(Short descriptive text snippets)
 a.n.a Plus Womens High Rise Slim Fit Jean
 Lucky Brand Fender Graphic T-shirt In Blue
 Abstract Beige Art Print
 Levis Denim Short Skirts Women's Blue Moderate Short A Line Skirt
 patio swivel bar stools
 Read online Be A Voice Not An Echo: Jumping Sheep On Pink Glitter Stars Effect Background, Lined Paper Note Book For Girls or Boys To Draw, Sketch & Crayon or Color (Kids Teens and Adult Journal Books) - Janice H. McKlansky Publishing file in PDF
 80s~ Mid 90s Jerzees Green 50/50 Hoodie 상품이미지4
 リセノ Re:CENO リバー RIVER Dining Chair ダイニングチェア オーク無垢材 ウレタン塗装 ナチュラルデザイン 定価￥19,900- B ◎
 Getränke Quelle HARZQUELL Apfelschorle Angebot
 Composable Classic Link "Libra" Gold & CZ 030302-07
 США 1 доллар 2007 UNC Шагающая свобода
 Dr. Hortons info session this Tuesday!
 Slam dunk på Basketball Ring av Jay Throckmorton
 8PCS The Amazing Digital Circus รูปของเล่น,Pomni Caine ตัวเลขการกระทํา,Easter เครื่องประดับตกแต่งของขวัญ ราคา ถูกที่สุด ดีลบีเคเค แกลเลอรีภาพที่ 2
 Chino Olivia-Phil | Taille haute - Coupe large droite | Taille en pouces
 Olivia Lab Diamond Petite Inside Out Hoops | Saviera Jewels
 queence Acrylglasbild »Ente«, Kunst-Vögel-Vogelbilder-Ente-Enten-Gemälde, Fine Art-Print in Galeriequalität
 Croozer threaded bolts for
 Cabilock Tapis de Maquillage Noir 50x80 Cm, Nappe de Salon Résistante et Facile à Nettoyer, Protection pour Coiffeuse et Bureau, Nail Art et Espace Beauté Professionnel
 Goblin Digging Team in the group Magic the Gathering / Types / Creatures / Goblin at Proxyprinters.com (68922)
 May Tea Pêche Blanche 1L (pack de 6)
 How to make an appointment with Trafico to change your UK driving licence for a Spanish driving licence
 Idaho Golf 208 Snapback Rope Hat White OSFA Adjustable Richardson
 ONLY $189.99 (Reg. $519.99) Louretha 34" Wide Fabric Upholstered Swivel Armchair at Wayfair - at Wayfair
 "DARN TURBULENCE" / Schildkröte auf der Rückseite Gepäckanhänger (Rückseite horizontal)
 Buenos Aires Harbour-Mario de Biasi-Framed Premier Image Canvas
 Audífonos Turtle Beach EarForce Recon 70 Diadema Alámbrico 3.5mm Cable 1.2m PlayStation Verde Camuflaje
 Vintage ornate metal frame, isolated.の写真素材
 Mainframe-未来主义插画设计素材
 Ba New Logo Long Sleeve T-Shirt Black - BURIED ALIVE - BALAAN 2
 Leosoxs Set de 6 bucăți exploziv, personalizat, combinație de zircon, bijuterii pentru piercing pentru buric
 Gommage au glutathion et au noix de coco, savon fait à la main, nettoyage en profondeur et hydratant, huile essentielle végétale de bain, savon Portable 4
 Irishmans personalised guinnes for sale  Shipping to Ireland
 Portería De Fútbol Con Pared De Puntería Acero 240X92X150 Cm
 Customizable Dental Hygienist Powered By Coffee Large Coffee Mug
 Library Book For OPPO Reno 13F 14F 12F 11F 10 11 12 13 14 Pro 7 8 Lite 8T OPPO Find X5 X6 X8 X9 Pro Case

→ Exercise:
Could you write out, exactly as they stand, only the lines above that begin at the line with "Dr. Hortons info session this Tuesday!" and stop after the line with "Art-Print in Galeriequalität"?

→ Answer:
 Dr. Hortons info session this Tuesday!
 Slam dunk på Basketball Ring av Jay Throckmorton
 8PCS The Amazing Digital Circus รูปของเล่น,Pomni Caine ตัวเลขการกระทํา,Easter เครื่องประดับตกแต่งของขวัญ ราคา ถูกที่สุด ดีลบีเคเค แกลเลอรีภาพที่ 2
 Chino Olivia-Phil | Taille haute - Coupe large droite | Taille en pouces
 Olivia Lab Diamond Petite Inside Out Hoops | Saviera Jewels
 queence Acrylglasbild »Ente«, Kunst-Vögel-Vogelbilder-Ente-Enten-Gemälde, Fine Art-Print in Galeriequalität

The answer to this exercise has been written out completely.